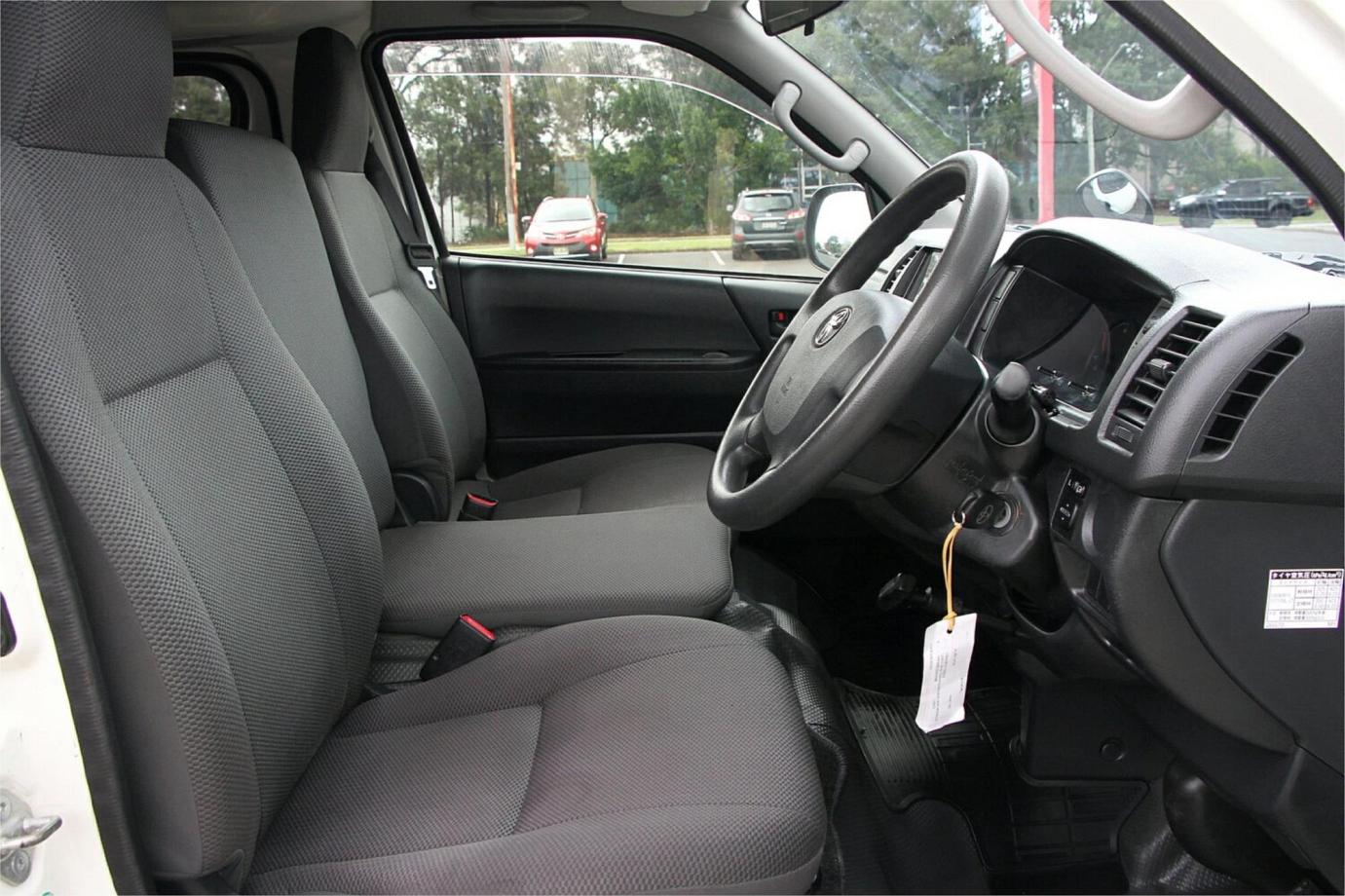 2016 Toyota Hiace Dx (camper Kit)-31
● ● ● ● ● ● ●
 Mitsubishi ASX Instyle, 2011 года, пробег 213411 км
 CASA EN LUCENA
● ● ● ● ● ● ●
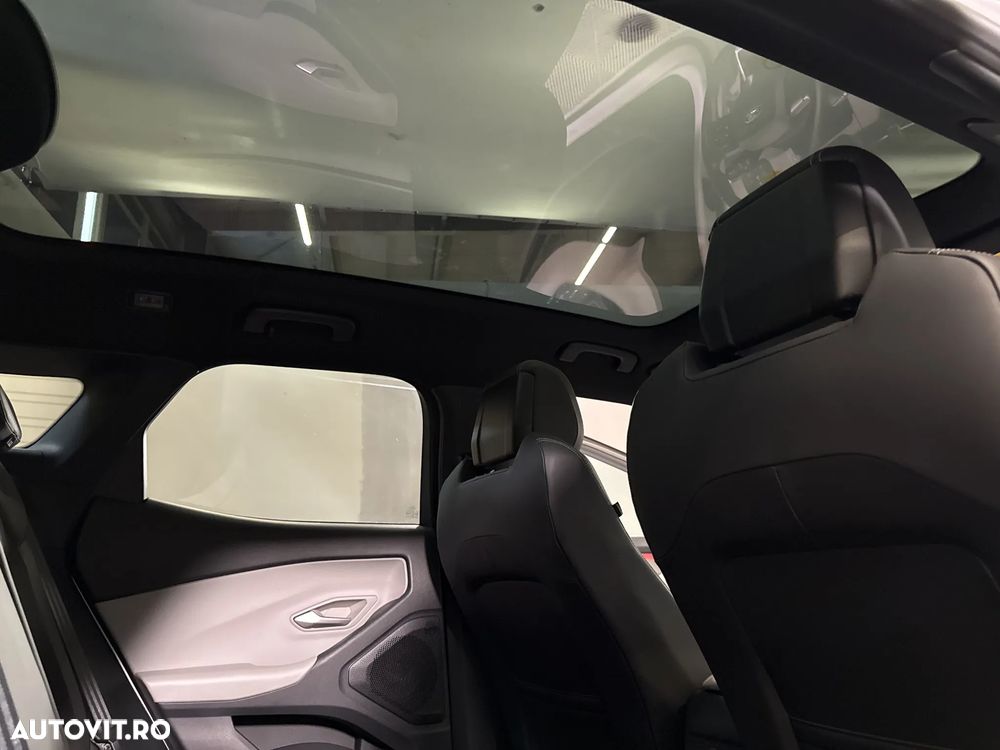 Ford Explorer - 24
● ● ● ● ● ● ●
Above are the records; from them, give again exactly the lines from the one containing "Mitsubishi ASX Instyle, 2011" through the one containing "CASA EN LUCENA", both included.

▸ **ANSWER TO THIS EXERCISE**
 Mitsubishi ASX Instyle, 2011 года, пробег 213411 км
 CASA EN LUCENA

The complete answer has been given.